## TASK INSTRUCTIONS
From the first line to the last, transcribe the data exactly and skip the pictures.

## DATA FOR PROCESSING
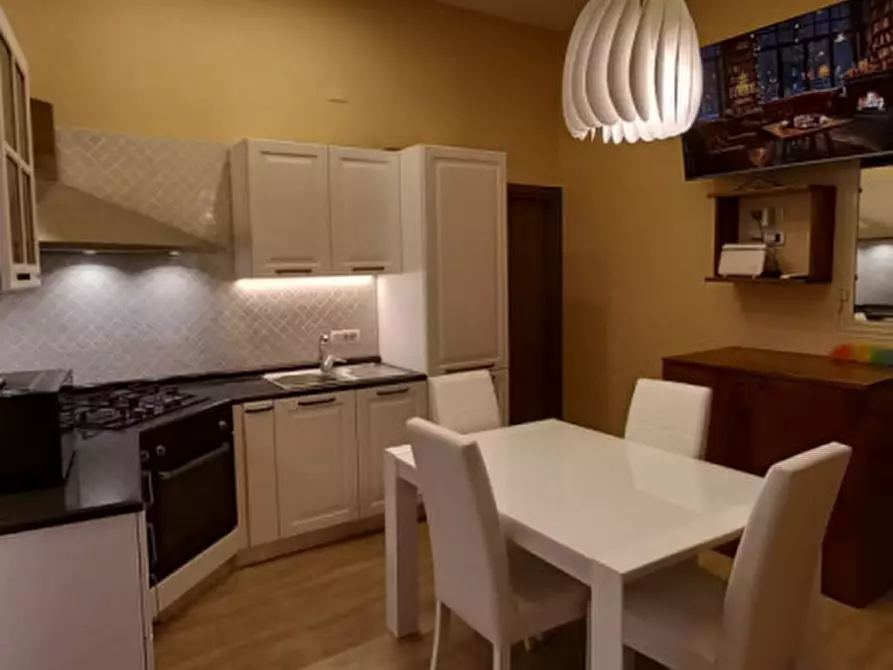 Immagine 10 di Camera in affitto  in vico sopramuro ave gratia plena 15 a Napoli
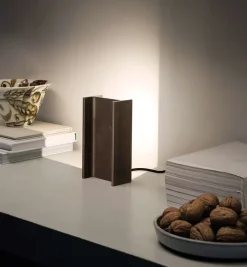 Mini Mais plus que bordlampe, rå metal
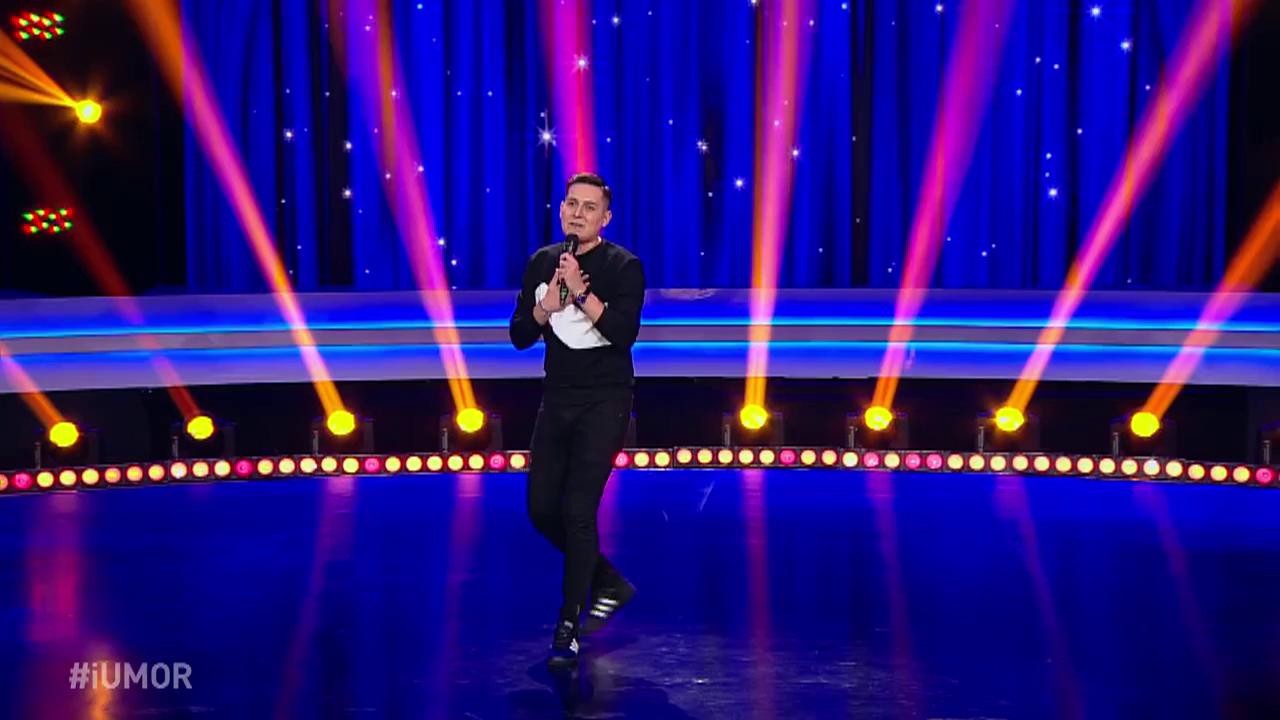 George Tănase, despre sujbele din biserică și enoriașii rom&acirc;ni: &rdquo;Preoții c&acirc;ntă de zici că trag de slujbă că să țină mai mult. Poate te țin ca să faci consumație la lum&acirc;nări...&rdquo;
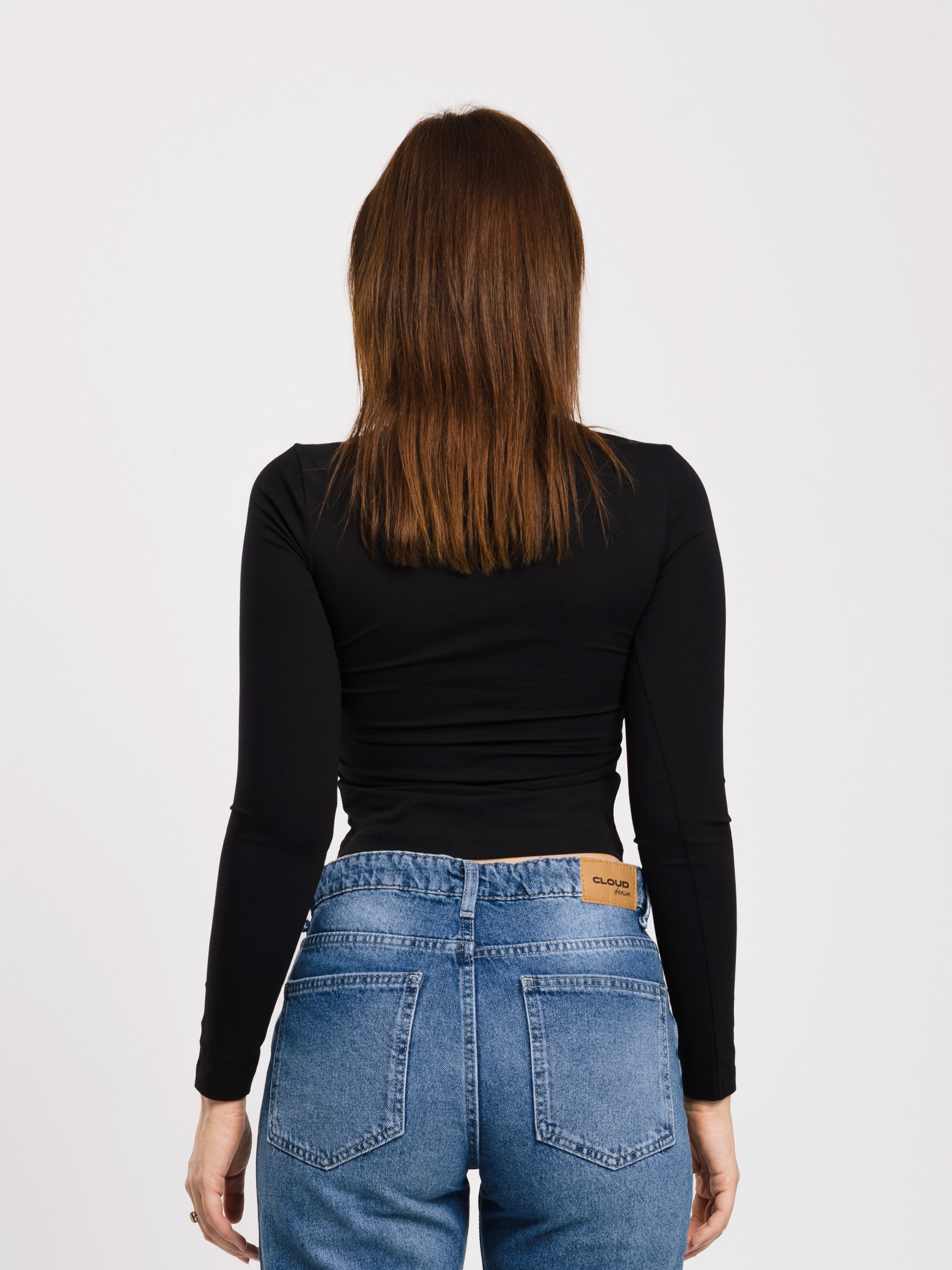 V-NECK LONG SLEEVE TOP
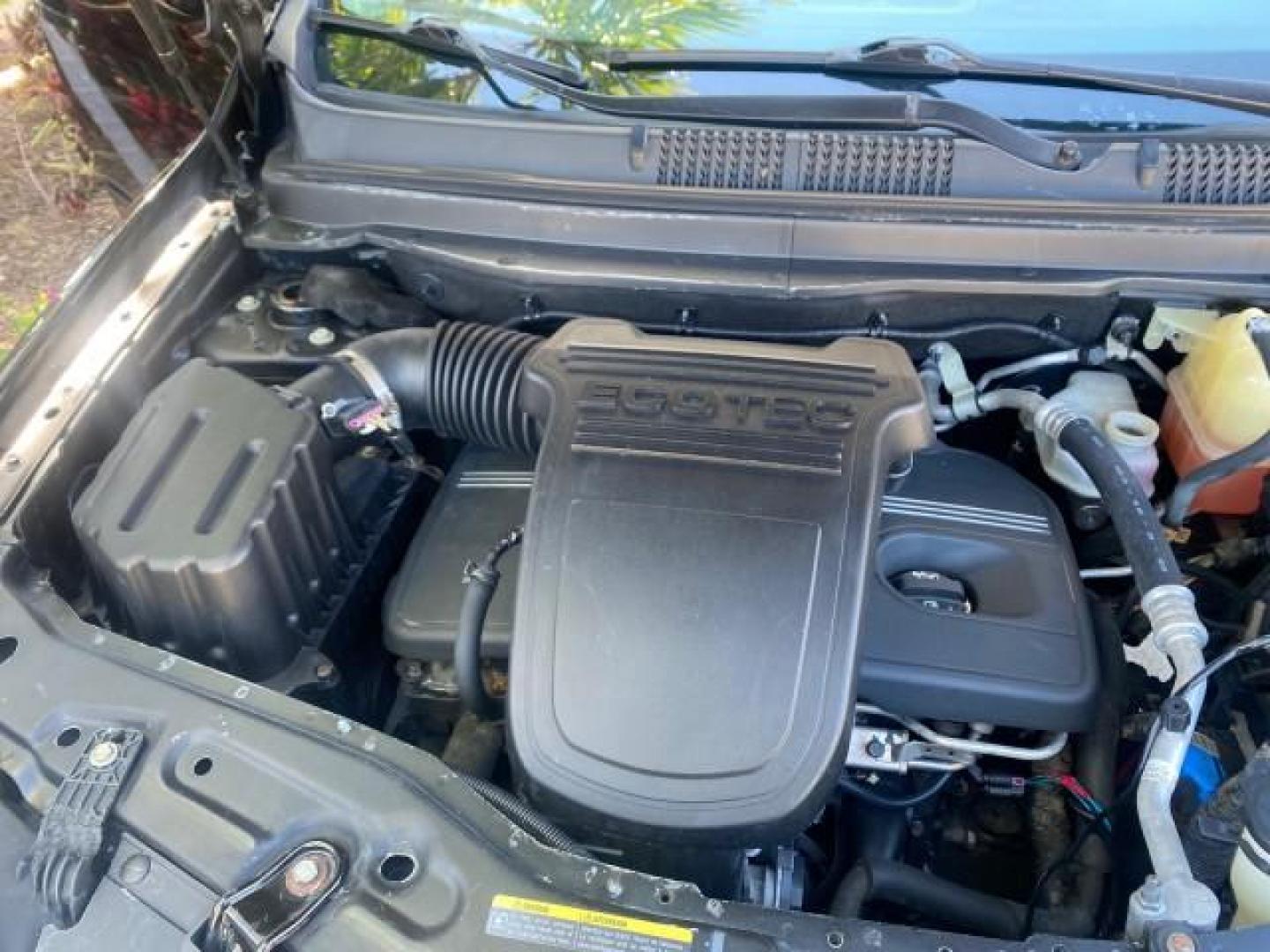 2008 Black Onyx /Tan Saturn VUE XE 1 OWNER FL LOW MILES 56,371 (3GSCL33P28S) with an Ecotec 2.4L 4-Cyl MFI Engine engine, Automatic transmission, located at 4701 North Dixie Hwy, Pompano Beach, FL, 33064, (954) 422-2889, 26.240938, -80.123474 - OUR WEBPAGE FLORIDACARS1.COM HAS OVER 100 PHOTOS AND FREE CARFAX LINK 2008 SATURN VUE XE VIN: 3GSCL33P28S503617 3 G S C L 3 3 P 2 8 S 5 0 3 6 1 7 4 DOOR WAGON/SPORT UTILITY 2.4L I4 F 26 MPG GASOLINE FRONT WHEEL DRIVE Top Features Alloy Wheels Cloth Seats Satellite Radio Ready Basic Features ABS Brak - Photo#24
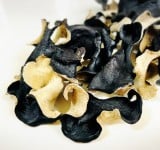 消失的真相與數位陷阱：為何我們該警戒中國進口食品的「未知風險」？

## SOLUTION
 Immagine 10 di Camera in affitto  in vico sopramuro ave gratia plena 15 a Napoli
 Mini Mais plus que bordlampe, rå metal
 George Tănase, despre sujbele din biserică și enoriașii rom&acirc;ni: &rdquo;Preoții c&acirc;ntă de zici că trag de slujbă că să țină mai mult. Poate te țin ca să faci consumație la lum&acirc;nări...&rdquo;
 V-NECK LONG SLEEVE TOP
 2008 Black Onyx /Tan Saturn VUE XE 1 OWNER FL LOW MILES 56,371 (3GSCL33P28S) with an Ecotec 2.4L 4-Cyl MFI Engine engine, Automatic transmission, located at 4701 North Dixie Hwy, Pompano Beach, FL, 33064, (954) 422-2889, 26.240938, -80.123474 - OUR WEBPAGE FLORIDACARS1.COM HAS OVER 100 PHOTOS AND FREE CARFAX LINK 2008 SATURN VUE XE VIN: 3GSCL33P28S503617 3 G S C L 3 3 P 2 8 S 5 0 3 6 1 7 4 DOOR WAGON/SPORT UTILITY 2.4L I4 F 26 MPG GASOLINE FRONT WHEEL DRIVE Top Features Alloy Wheels Cloth Seats Satellite Radio Ready Basic Features ABS Brak - Photo#24
 消失的真相與數位陷阱：為何我們該警戒中國進口食品的「未知風險」？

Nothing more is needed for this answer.